Download or read book Shakespeare s Ideas written by David Bevington and published by John Wiley & Sons. This book was released on 2011-09-23 with total page 229 pages. Available in PDF, EPUB and Kindle. Book excerpt: An in-depth exploration, through his plays and poems, of the philosophy of Shakespeare as a great poet, a great dramatist and a "great mind". Written by a leading Shakespearean scholar Discusses an array of topics, including sex and gender, politics and political theory, writing and acting, religious controversy and issues of faith, skepticism and misanthropy, and closure Explores Shakespeare as a great poet, a great dramatist and a "great mind"

Book Shaw on Shakespeare

Download or read book Shaw on Shakespeare written by Bernard Shaw and published by Hal Leonard Corporation.

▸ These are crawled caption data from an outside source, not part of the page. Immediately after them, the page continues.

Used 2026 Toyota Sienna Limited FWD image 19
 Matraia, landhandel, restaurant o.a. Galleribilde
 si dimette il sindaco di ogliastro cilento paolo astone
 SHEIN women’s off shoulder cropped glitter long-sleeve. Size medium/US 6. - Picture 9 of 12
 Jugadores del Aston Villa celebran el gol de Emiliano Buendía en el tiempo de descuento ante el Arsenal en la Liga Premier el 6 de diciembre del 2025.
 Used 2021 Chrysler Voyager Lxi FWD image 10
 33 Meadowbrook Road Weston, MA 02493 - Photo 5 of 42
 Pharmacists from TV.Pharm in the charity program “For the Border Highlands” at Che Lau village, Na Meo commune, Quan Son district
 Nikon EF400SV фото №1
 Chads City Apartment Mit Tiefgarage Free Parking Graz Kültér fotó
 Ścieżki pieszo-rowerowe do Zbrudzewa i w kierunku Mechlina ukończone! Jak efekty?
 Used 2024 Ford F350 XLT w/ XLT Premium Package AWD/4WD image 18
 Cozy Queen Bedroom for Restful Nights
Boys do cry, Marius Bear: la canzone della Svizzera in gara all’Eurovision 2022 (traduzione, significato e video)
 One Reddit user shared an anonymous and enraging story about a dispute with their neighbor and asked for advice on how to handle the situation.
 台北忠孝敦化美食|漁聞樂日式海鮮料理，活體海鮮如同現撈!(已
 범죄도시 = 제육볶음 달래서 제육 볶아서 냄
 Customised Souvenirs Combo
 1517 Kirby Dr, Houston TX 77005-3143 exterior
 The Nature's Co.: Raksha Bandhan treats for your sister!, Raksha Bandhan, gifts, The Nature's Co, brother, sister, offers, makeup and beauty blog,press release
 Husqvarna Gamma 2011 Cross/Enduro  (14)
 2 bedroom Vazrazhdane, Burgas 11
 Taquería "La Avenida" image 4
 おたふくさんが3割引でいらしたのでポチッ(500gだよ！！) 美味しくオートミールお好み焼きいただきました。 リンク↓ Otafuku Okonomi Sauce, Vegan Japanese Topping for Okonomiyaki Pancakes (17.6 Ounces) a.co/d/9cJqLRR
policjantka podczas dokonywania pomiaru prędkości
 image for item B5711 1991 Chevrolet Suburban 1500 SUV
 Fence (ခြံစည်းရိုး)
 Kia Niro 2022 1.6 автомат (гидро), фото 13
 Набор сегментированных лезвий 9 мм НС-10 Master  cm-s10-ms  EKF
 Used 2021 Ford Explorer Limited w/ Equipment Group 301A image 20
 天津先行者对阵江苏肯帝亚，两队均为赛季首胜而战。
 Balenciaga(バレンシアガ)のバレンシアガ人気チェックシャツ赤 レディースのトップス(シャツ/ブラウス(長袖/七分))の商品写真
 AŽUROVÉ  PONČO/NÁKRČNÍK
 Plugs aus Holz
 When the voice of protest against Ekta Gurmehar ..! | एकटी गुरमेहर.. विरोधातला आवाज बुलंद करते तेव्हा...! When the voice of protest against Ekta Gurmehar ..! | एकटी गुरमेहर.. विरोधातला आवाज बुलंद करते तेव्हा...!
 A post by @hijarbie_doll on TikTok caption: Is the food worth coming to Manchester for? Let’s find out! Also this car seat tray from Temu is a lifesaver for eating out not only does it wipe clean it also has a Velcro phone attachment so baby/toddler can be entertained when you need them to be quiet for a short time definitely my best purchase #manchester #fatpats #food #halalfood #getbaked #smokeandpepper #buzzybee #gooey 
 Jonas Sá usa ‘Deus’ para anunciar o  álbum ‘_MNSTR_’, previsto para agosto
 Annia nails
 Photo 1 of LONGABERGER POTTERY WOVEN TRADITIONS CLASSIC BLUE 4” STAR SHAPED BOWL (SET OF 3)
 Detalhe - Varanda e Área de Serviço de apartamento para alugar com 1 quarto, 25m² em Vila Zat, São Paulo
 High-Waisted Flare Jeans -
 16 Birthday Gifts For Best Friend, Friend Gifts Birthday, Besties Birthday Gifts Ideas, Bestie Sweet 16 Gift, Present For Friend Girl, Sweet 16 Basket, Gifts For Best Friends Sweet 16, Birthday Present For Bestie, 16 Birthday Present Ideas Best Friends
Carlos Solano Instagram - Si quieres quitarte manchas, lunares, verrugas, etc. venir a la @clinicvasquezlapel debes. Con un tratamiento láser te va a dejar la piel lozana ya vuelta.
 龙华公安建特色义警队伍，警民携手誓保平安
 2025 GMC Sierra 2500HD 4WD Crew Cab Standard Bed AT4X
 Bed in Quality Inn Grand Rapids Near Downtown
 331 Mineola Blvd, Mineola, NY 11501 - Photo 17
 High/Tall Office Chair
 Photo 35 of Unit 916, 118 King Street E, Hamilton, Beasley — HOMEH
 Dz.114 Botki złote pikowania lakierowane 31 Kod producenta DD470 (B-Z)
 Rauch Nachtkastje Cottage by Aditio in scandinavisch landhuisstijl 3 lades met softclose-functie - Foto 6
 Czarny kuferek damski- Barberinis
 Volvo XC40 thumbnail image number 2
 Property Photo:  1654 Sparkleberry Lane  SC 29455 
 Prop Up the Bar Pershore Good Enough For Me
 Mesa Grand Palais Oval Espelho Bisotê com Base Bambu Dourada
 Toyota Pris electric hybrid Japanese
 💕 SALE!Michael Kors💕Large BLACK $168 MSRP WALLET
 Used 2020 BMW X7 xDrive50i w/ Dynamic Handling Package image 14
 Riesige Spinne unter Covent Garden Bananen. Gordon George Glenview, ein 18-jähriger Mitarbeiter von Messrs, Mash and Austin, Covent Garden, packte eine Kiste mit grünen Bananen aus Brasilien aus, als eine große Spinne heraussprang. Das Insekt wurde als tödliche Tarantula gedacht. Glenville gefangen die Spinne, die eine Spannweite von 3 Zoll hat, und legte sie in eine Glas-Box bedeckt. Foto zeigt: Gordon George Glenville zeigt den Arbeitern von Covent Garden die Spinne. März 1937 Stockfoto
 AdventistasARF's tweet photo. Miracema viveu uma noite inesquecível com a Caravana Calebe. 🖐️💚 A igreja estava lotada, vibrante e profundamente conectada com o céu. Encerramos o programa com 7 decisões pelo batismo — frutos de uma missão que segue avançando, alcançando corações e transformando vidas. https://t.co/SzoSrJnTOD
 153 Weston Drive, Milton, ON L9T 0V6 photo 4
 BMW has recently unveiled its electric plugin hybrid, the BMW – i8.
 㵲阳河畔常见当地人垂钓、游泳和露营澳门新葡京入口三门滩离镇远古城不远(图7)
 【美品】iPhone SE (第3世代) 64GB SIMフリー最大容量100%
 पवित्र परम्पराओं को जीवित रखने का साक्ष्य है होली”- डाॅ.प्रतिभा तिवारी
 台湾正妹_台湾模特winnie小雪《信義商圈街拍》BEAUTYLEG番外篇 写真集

This book was released on 2002 with total page 308 pages. Available in PDF, EPUB and Kindle. Book excerpt: (Applause Books). "With the single exception of Homer, there is no eminent writer, not even Sir Walter Scott, whom I can despise so entirely as I despise Shakespeare when I measure my mind against his." - From SHAW ON SHAKESPEARE Celebrated playwright, critic and essayist George Bernard Shaw was more like the Elizabethan master that he would ever admit. Both men were intristic dramatists who shared a rich and abiding respect for the stage. Shakespeare was the produce of a tempestuous and enlightening era under the reign of his patron, Queen Elizabeth I; while G.B.S. reflected the racy and risque spirt of the late 19th century as the champion of modern drama by playwrights like Ibsen, and, later, himself. Culled from Shaw's reviews, prefaces, letters to actors and critics, and other writings, SHAW ON SHAKESPEARE offers a fascinating and unforgettable portrait of the 16th century playwright by his most outspoken critic. This is a witty and provocative classic that combines Shaw's prodigious critical acumen with a superlative prose style second to none (except, perhaps, Shakespeare!).